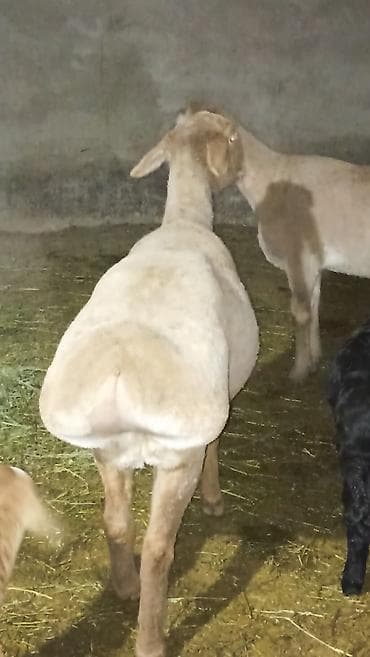 вязка ош кошек: Продаю | Баран (самец) | Полукровка | Для разведения — 8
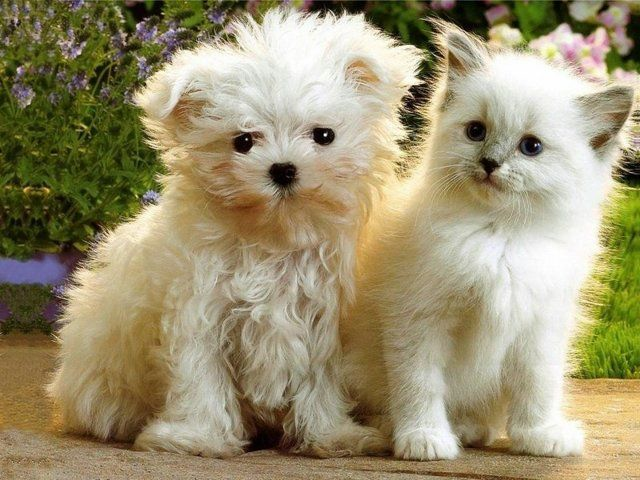 Kedimisin Köpekmisin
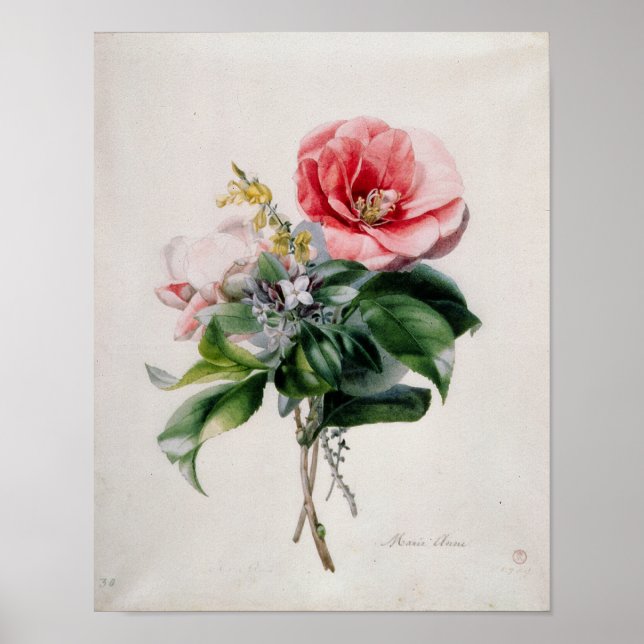 wamellia and Broom Poster (Front)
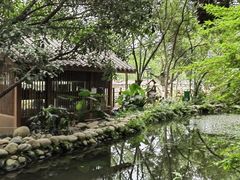 -成都市活水公园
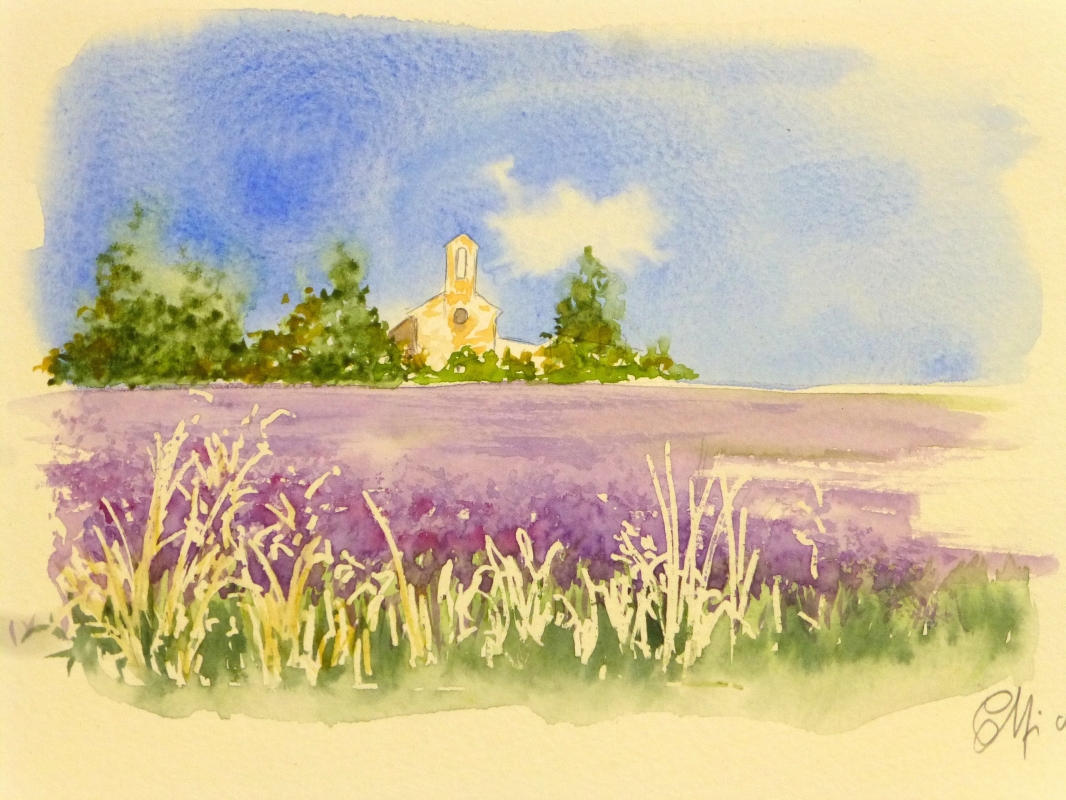 vente aquarelle PFC 81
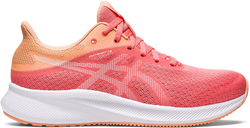 Кроссовки Asics PATRIOT 13 W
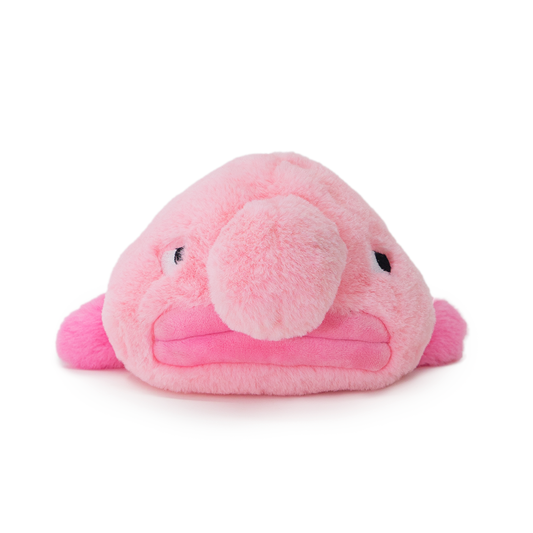 Side-eye Blobfish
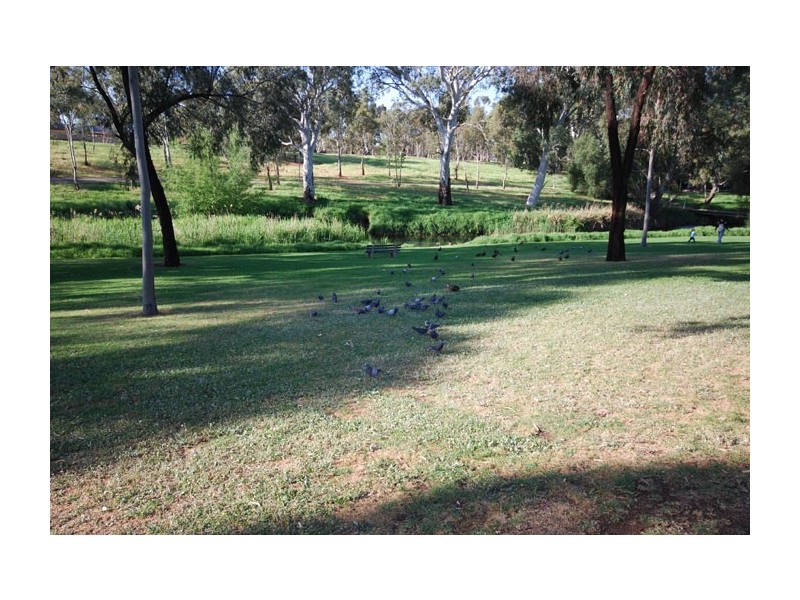 Lot 701,47 Reece Avenue, Klemzig SA 5087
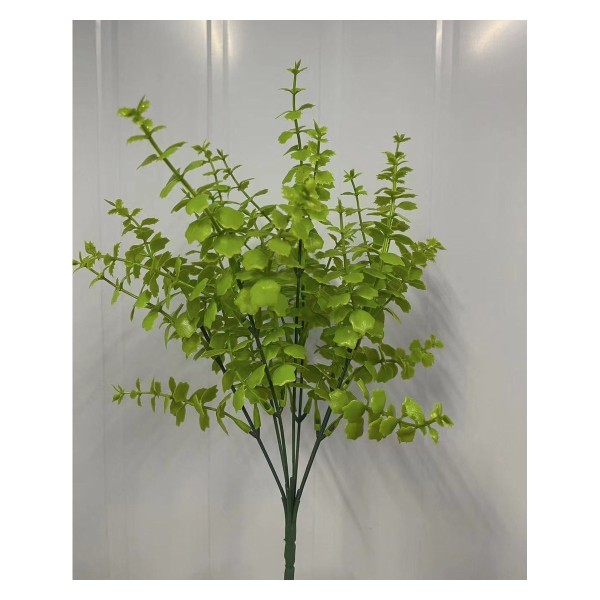 7头35目小刺草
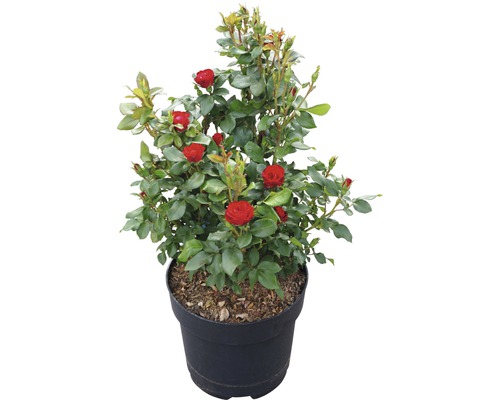 Topfrose mit roten Blüten im Topf Topfrose mit roten Blüten im Topf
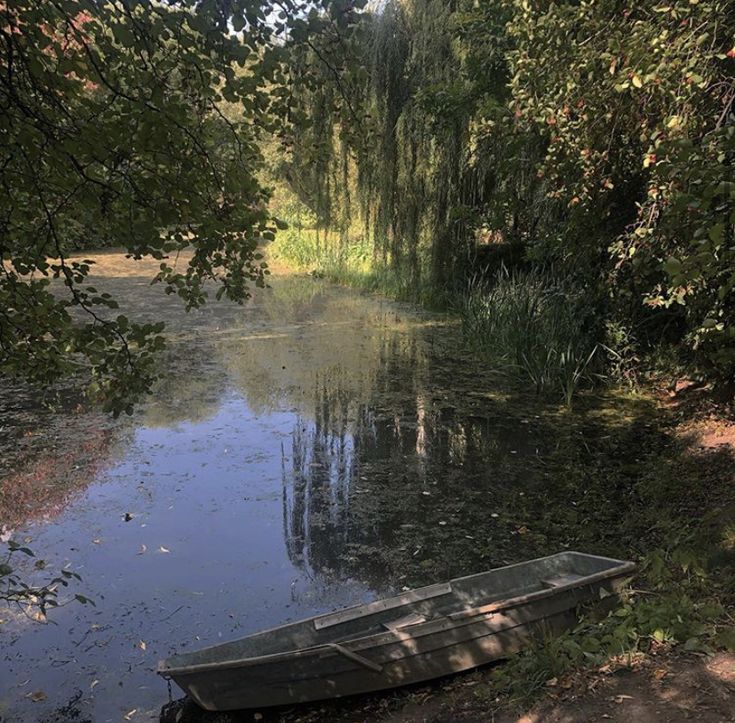 og and some ghazal here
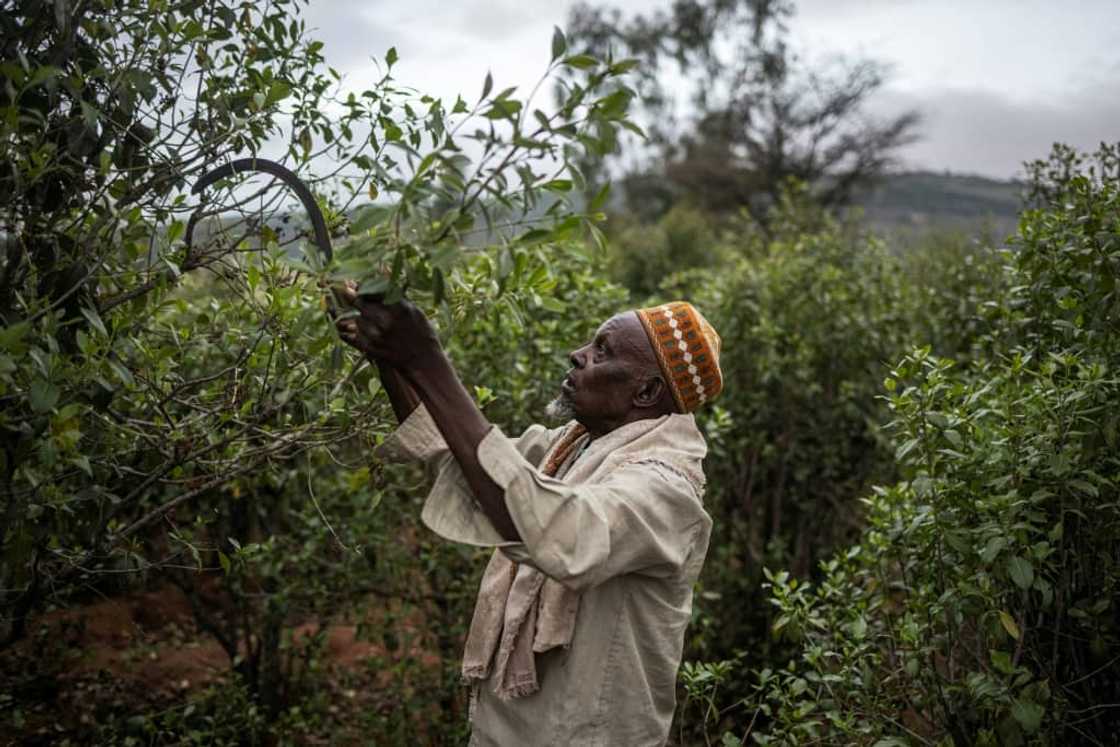 Youssouf Mume replaced his peanut, sorghum, corn and coffee plants with khat Youssouf Mume replaced his peanut, sorghum, corn and coffee plants with khat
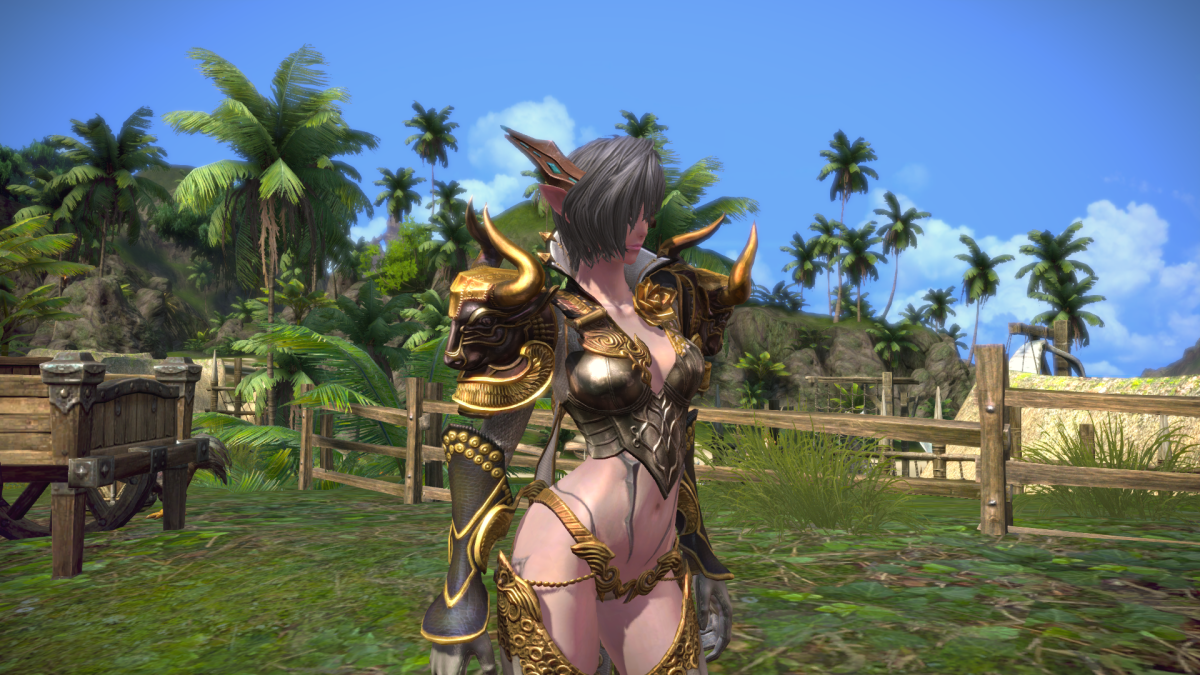 Tera – Gunner Leveling to 30s and&nbsp;40s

- [Exercise directions]:
For every entry, return its exact wording and leave out any image.

- [Solution for this problem]:
 вязка ош кошек: Продаю | Баран (самец) | Полукровка | Для разведения — 8
 Kedimisin Köpekmisin
 wamellia and Broom Poster (Front)
 -成都市活水公园
 vente aquarelle PFC 81
 Кроссовки Asics PATRIOT 13 W
 Side-eye Blobfish
 Lot 701,47 Reece Avenue, Klemzig SA 5087
 7头35目小刺草
 Topfrose mit roten Blüten im Topf Topfrose mit roten Blüten im Topf
 og and some ghazal here
 Youssouf Mume replaced his peanut, sorghum, corn and coffee plants with khat Youssouf Mume replaced his peanut, sorghum, corn and coffee plants with khat
 Tera – Gunner Leveling to 30s and&nbsp;40s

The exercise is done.